Advocates: ICE Violating Due Process During Family Detention Release

By Jude Joffe-Block
July 27, 2015

 A federal judge ruled late Friday the federal government’s family detention facilities for migrant families are inadequate for children. But some immigrant rights advocates say there are already evident problems with how Immigration and Customs Enforcement releases families from detention.

While Friday’s court ruling stopped short of ordering the federal government to immediately release women and children held in the country’s three family detention facilities, ICE had already begun to release some families in recent weeks. Some immigration judges on Monday also granted some detained families bond in response to the Friday ruling, according to the San Antonio Express News.

A coalition of immigration attorneys sent a letter to Immigration and Customs Enforcement Monday alleging that officials are violating the due process rights of migrant families as they are being released from two detention facilities in Texas.

“Mothers are unable to see their attorneys when they want to,” said Karen Lucas of the American Immigration Lawyers Association, which was a signatory to the letter. “ICE is telling them things about their case that aren’t true and coercing them to take the most restrictive conditions on their release possible.”

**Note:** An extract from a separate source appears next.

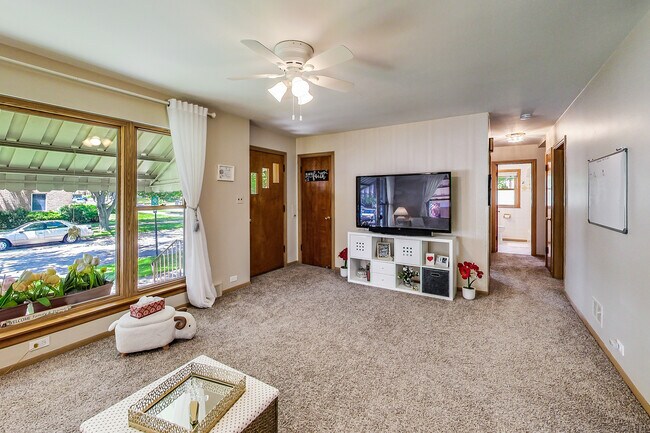 Foto del edificio - 8351 N Oleander Ave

The letter claims ICE agents are coercing women to agree to wear ankle bracelets before they are released, even in cases where the immigration judge did not require it.

Lucas said ICE is also failing to give mothers adequate information in their native languages about how to comply with the terms of their release, such as how to report to ICE and appear for mandatory immigration court hearings once they are out of detention and staying with releatives.

“They are leaving these mothers with little to no information — even in some cases misinformation — about what they need to do now that they have been released,” Lucas said. “They are setting mothers up for failure.”

The Department of Homeland Security did not respond to a request to comment on these allegations.

But a spokeswoman said the agency is “disappointed with the court’s decision” in the latest ruling against family detention and will be responding to the judge by next Monday.

The judge gave the U.S. government until Monday to provide reasons for why she should not implement an order within 90 days to release all families with children from the existing detention facilities.